Task description: Your copy should hold only the lines from the one with "Elara™ | Elegancka Haftowana Sukienka Maxi" to the one with "Modern High Rise", both included, each exactly as it stands below, with no pictures.

Given data:

────

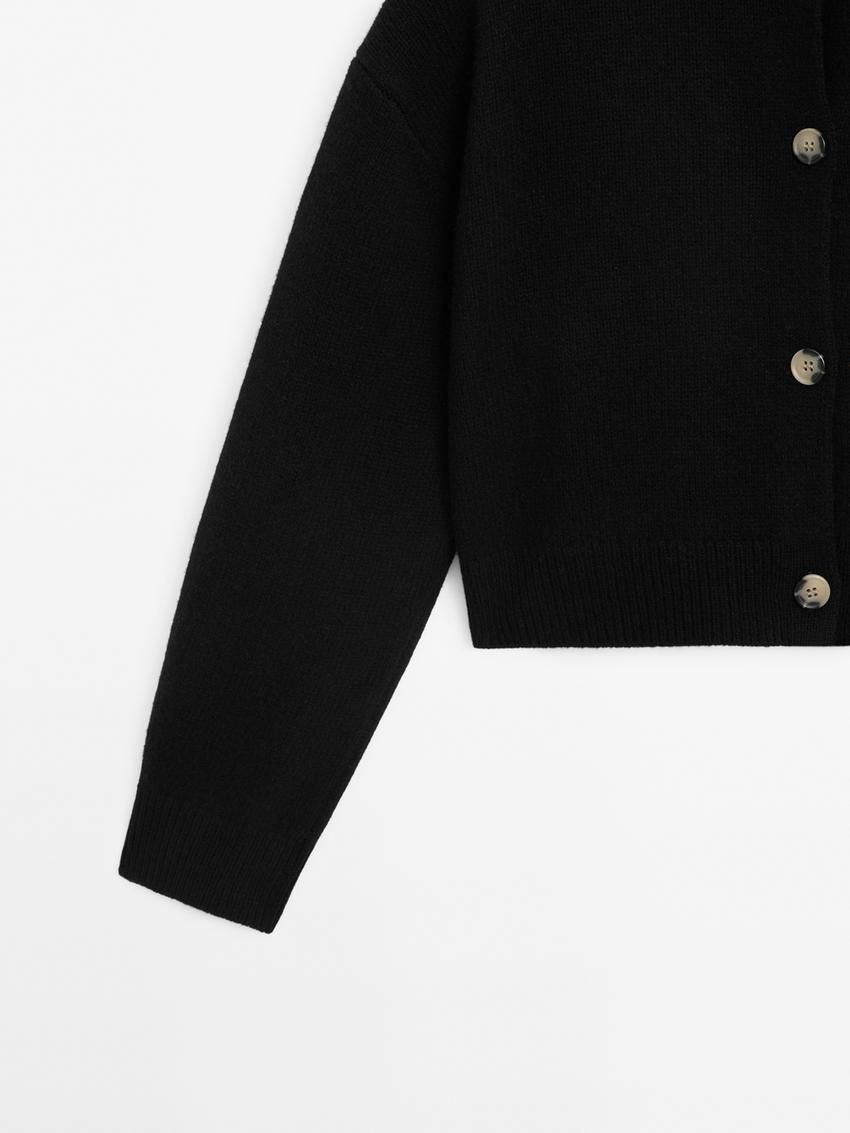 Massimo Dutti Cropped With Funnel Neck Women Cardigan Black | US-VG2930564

────

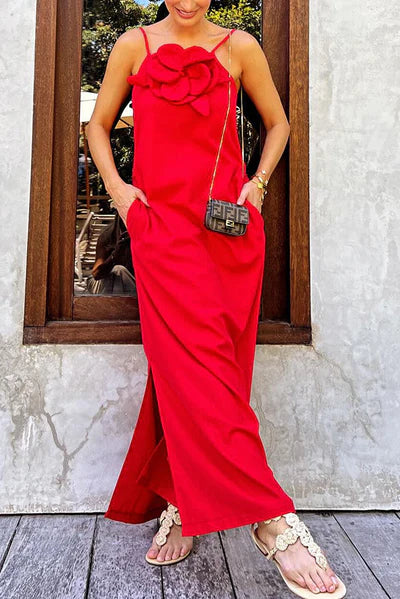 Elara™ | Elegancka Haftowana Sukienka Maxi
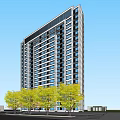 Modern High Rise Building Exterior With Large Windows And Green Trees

────

Answer space:
 Elara™ | Elegancka Haftowana Sukienka Maxi
 Modern High Rise Building Exterior With Large Windows And Green Trees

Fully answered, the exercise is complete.